Try it:
Return all the entries exactly. No pictures.

Task data:
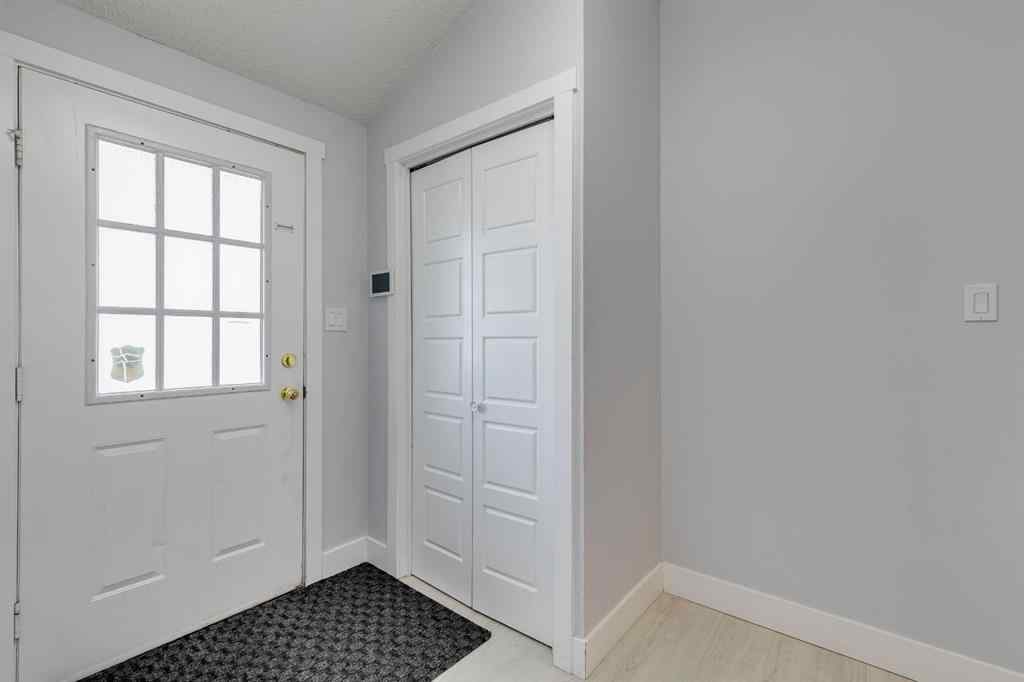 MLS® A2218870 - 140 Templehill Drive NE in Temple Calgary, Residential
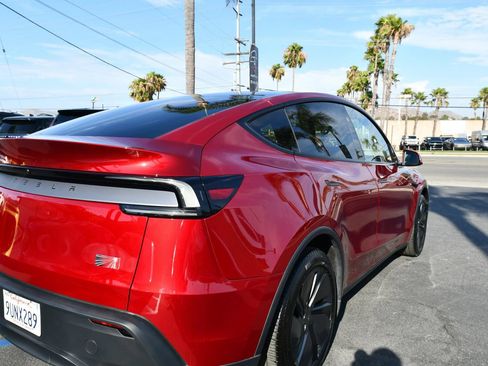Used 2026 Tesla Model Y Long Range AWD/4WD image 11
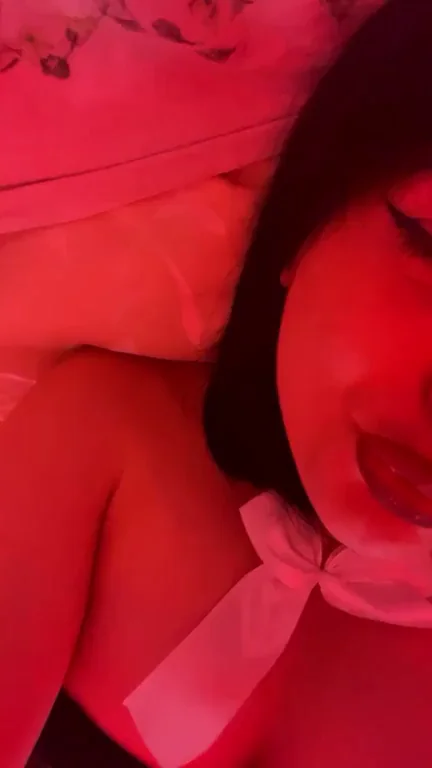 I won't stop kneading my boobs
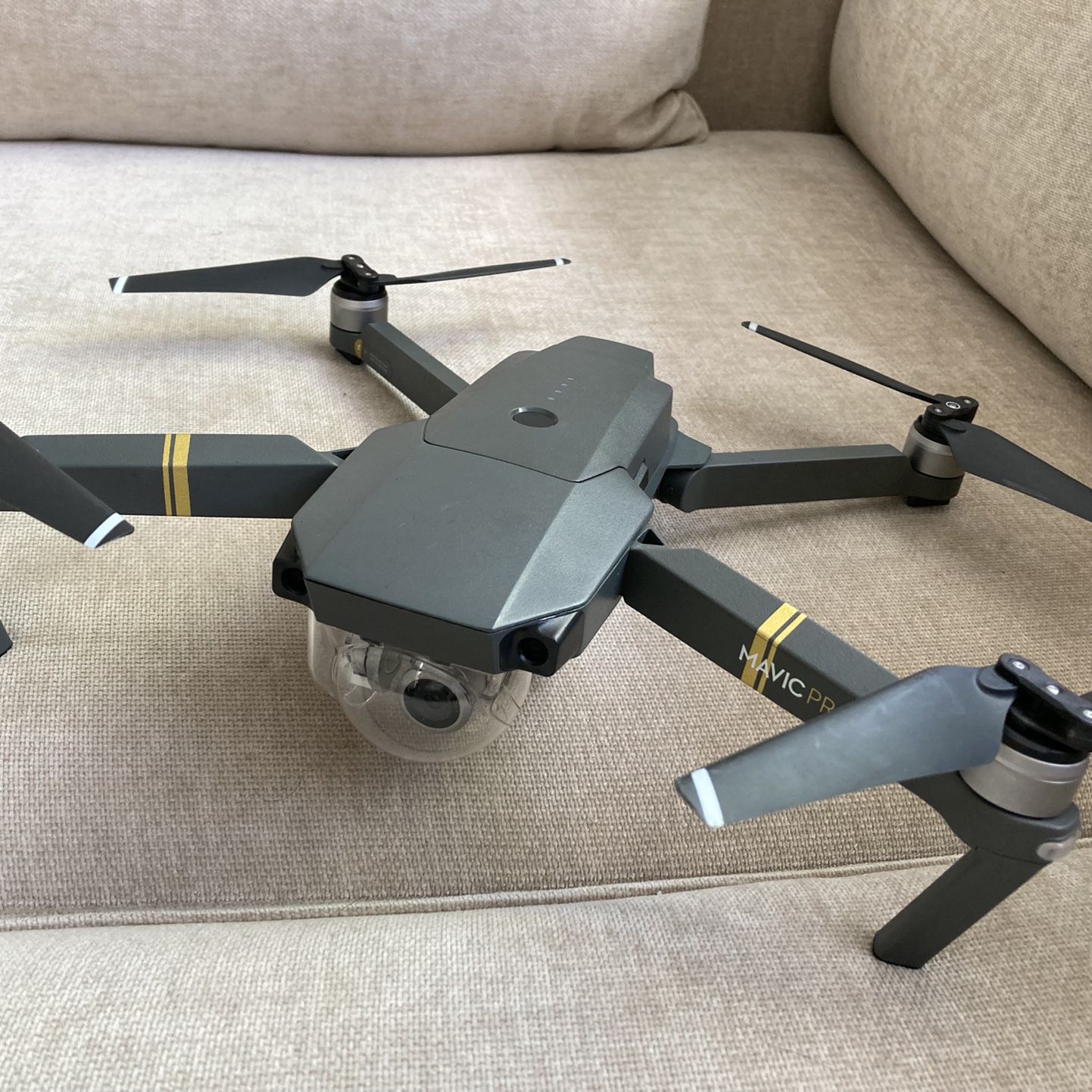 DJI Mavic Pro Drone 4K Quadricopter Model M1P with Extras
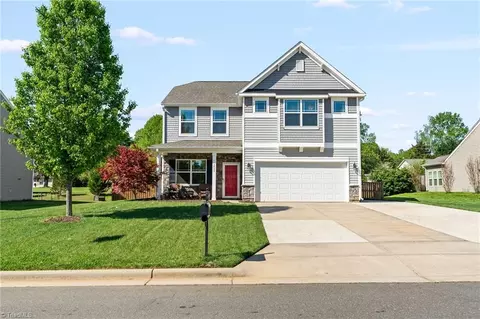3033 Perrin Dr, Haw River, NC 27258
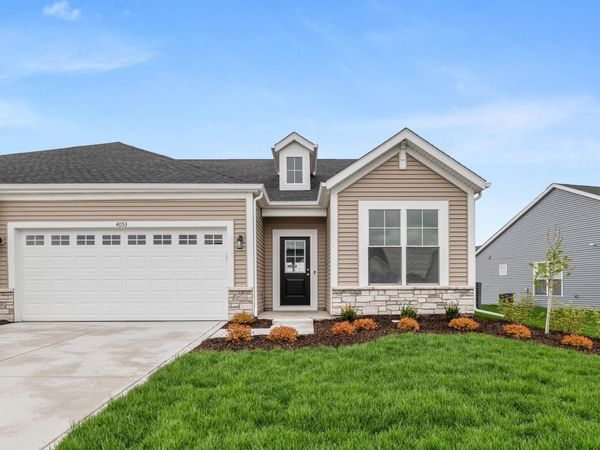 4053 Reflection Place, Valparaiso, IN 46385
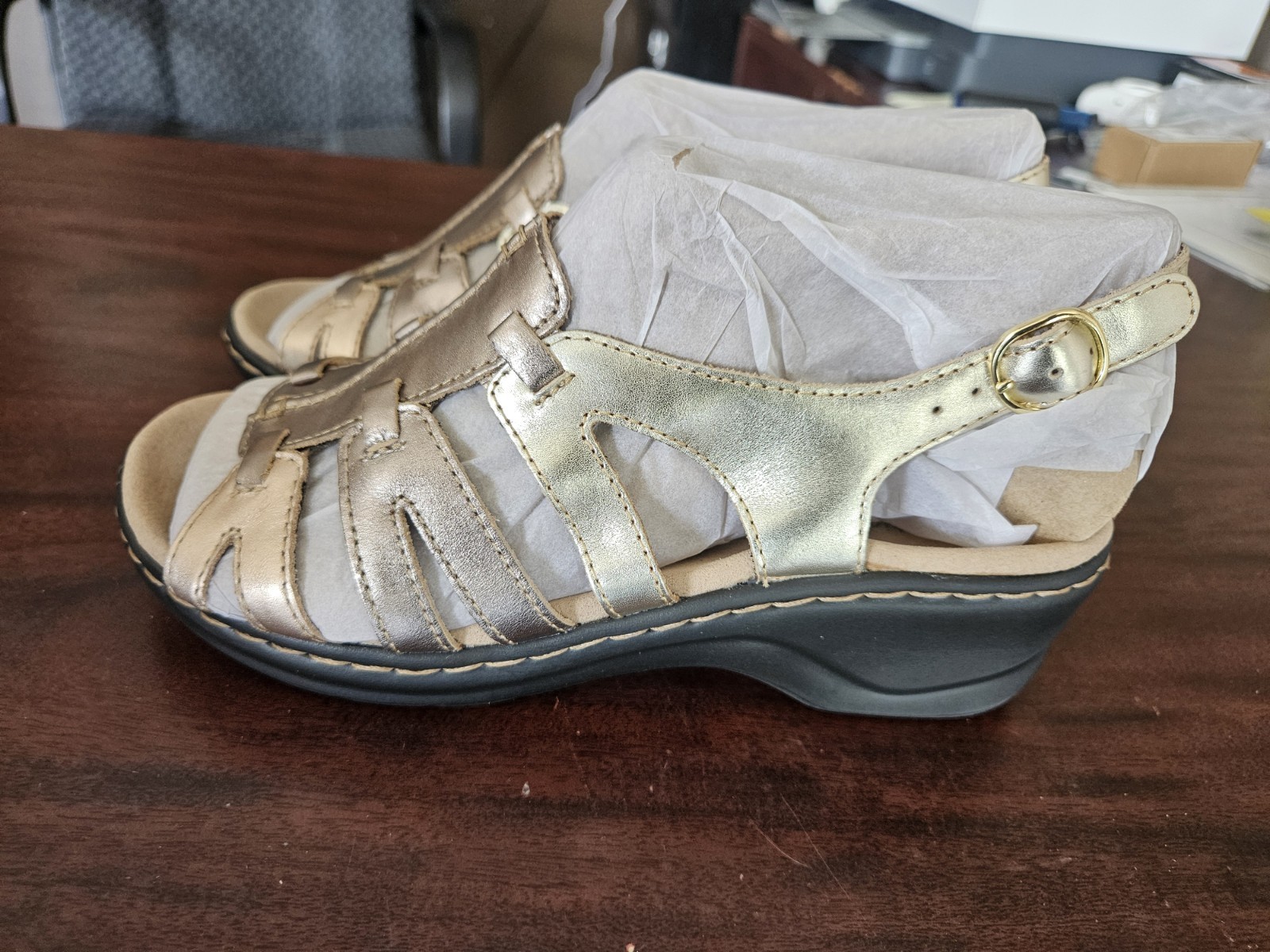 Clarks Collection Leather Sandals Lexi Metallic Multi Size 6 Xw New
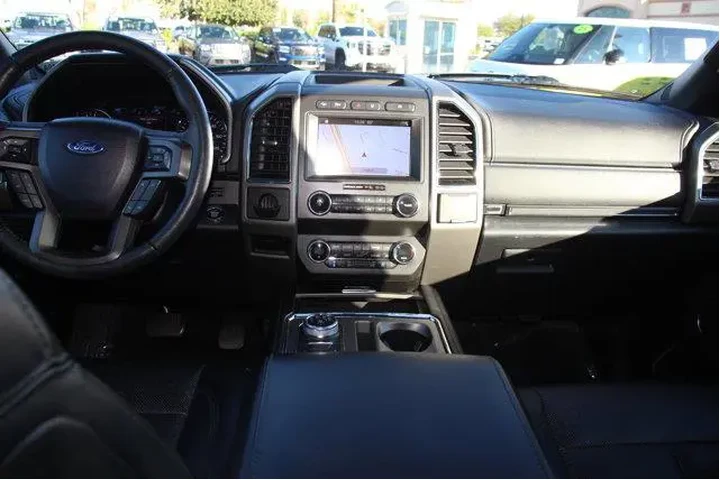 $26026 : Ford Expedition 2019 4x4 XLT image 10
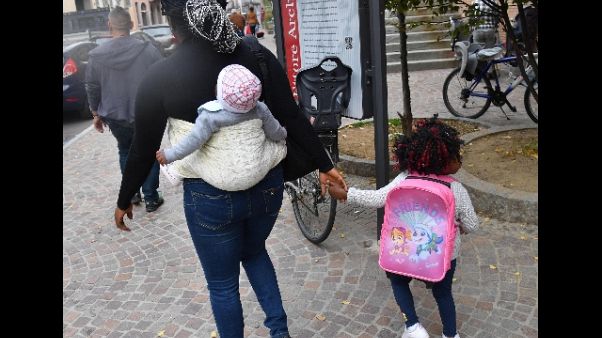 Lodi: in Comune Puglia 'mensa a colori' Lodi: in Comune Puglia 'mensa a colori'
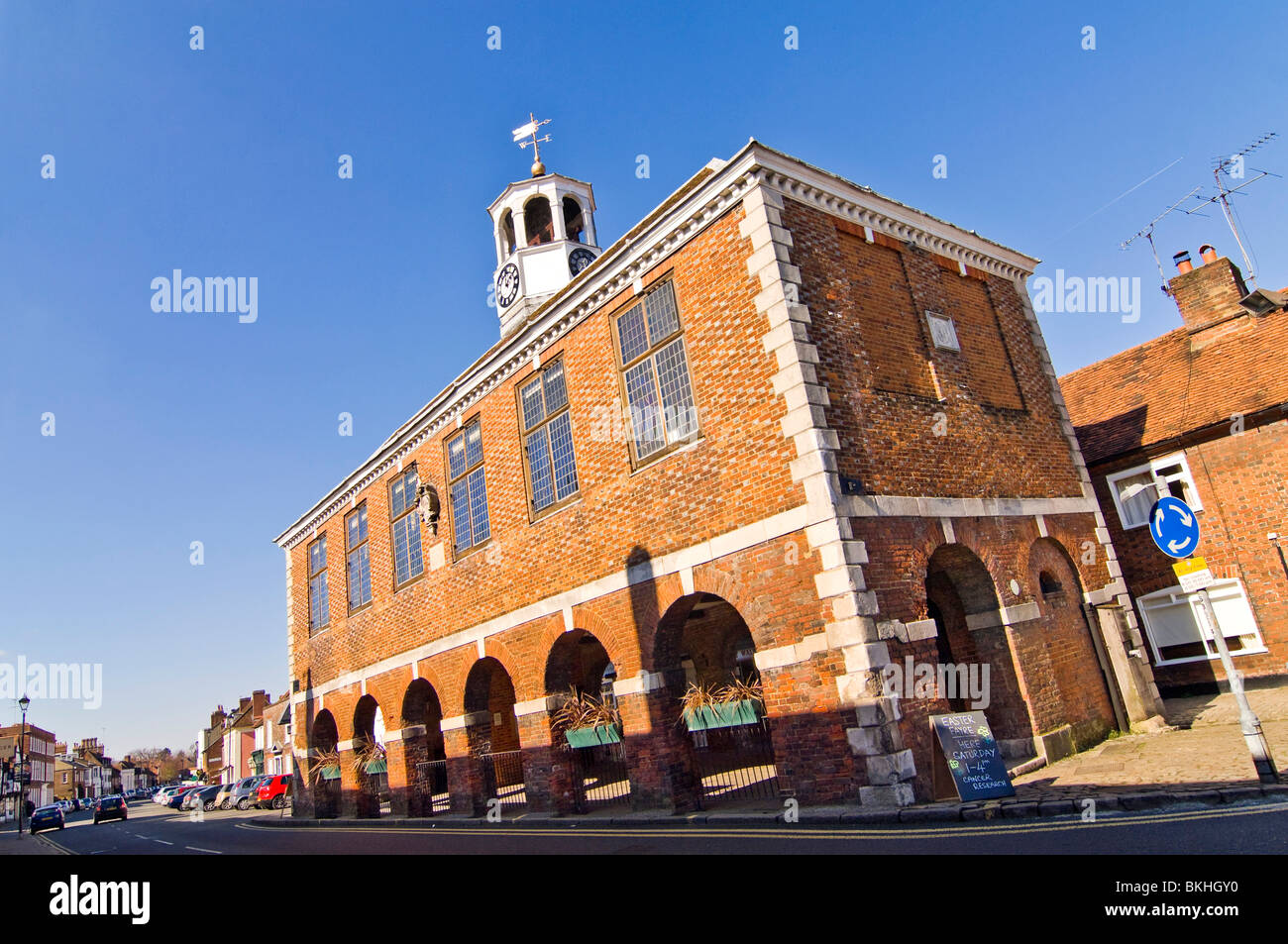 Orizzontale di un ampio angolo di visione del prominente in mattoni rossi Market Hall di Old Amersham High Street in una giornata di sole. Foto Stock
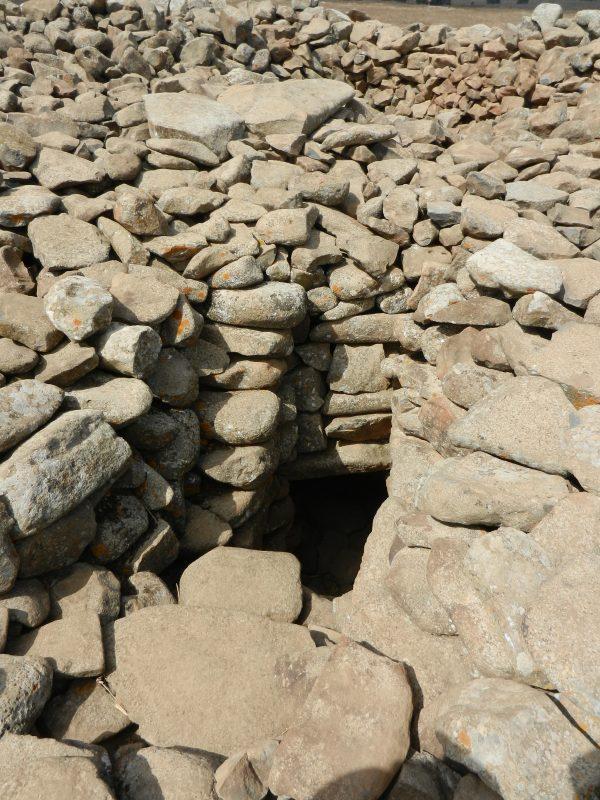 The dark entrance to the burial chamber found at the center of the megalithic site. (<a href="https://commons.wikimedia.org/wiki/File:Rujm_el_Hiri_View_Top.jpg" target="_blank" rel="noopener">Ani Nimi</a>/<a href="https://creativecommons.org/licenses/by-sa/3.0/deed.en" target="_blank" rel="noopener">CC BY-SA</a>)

Expected output:
 MLS® A2218870 - 140 Templehill Drive NE in Temple Calgary, Residential
Used 2026 Tesla Model Y Long Range AWD/4WD image 11
 I won't stop kneading my boobs
 DJI Mavic Pro Drone 4K Quadricopter Model M1P with Extras
3033 Perrin Dr, Haw River, NC 27258
 4053 Reflection Place, Valparaiso, IN 46385
 Clarks Collection Leather Sandals Lexi Metallic Multi Size 6 Xw New
 $26026 : Ford Expedition 2019 4x4 XLT image 10
 Lodi: in Comune Puglia 'mensa a colori' Lodi: in Comune Puglia 'mensa a colori'
 Orizzontale di un ampio angolo di visione del prominente in mattoni rossi Market Hall di Old Amersham High Street in una giornata di sole. Foto Stock
 The dark entrance to the burial chamber found at the center of the megalithic site. (<a href="https://commons.wikimedia.org/wiki/File:Rujm_el_Hiri_View_Top.jpg" target="_blank" rel="noopener">Ani Nimi</a>/<a href="https://creativecommons.org/licenses/by-sa/3.0/deed.en" target="_blank" rel="noopener">CC BY-SA</a>)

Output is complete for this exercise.